=== Section Start ===

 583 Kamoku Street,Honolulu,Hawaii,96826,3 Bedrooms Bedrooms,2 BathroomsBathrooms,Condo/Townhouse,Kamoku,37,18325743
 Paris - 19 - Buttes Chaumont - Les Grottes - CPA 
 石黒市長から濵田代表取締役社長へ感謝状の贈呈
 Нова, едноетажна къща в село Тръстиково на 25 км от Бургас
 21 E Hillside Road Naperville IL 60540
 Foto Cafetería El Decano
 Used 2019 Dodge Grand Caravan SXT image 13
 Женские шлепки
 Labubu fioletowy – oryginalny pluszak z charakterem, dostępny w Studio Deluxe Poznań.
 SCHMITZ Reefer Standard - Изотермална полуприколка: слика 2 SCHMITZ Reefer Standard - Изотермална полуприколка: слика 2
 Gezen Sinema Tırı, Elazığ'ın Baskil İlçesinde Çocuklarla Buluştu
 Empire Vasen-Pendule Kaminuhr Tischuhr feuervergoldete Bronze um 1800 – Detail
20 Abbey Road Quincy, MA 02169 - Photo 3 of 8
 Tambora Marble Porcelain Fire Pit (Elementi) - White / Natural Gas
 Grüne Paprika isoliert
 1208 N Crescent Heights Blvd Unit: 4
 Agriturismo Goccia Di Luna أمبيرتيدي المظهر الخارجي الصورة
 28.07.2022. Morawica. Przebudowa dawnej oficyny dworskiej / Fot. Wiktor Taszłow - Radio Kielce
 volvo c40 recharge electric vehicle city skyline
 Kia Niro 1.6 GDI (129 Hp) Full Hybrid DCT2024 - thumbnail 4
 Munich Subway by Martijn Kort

=== Section End ===

§ What is expected: Copy out the line containing "28.07.2022. Morawica. Przebudowa", then every line after it through the end of the listing, exactly and with nothing else.

§ Exercise result:
 28.07.2022. Morawica. Przebudowa dawnej oficyny dworskiej / Fot. Wiktor Taszłow - Radio Kielce
 volvo c40 recharge electric vehicle city skyline
 Kia Niro 1.6 GDI (129 Hp) Full Hybrid DCT2024 - thumbnail 4
 Munich Subway by Martijn Kort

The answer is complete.